▼
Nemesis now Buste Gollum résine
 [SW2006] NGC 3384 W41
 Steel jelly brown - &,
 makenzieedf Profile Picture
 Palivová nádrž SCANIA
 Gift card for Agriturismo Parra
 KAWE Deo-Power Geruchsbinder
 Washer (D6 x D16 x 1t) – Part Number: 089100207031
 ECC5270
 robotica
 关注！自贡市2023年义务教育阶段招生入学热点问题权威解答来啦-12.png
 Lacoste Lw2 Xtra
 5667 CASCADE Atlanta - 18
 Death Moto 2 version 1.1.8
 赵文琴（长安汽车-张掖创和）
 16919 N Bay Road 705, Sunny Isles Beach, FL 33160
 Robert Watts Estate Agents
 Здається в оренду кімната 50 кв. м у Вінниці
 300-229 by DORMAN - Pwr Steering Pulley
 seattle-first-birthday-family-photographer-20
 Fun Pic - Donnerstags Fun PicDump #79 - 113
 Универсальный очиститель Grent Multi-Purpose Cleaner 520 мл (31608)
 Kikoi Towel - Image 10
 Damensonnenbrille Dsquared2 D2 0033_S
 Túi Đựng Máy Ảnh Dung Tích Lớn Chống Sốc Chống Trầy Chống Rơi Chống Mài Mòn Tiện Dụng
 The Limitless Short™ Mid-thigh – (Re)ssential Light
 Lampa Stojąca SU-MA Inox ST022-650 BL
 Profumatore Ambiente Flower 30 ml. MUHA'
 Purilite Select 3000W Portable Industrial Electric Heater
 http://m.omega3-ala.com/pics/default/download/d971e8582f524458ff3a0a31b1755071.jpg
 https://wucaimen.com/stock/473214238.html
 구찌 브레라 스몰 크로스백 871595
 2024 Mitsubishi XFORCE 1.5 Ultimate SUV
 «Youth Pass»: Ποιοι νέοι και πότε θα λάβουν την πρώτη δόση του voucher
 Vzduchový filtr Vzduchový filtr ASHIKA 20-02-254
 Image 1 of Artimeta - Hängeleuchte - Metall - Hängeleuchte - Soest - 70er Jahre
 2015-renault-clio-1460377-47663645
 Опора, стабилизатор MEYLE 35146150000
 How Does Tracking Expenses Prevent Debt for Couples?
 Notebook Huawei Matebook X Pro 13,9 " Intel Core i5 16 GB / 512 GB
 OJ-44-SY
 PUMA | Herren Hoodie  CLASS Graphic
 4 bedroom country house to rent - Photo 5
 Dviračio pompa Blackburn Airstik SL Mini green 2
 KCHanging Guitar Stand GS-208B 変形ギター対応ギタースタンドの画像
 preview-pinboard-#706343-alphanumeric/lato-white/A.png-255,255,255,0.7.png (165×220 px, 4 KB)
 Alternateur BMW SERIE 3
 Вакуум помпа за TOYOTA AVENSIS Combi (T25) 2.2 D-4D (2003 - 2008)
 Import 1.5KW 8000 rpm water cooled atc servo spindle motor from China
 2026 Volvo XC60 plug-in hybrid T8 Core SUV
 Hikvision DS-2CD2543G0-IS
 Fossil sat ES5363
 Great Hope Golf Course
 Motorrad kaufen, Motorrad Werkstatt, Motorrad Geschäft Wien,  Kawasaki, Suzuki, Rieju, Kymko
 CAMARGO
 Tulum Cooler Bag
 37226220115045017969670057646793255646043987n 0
▲
Ending with the line containing "赵文琴（长安汽车-张掖创和）", please print exactly the lines of the material above from its first line onward, and nothing else.

_Output for this exercise_:
Nemesis now Buste Gollum résine
 [SW2006] NGC 3384 W41
 Steel jelly brown - &,
 makenzieedf Profile Picture
 Palivová nádrž SCANIA
 Gift card for Agriturismo Parra
 KAWE Deo-Power Geruchsbinder
 Washer (D6 x D16 x 1t) – Part Number: 089100207031
 ECC5270
 robotica
 关注！自贡市2023年义务教育阶段招生入学热点问题权威解答来啦-12.png
 Lacoste Lw2 Xtra
 5667 CASCADE Atlanta - 18
 Death Moto 2 version 1.1.8
 赵文琴（长安汽车-张掖创和）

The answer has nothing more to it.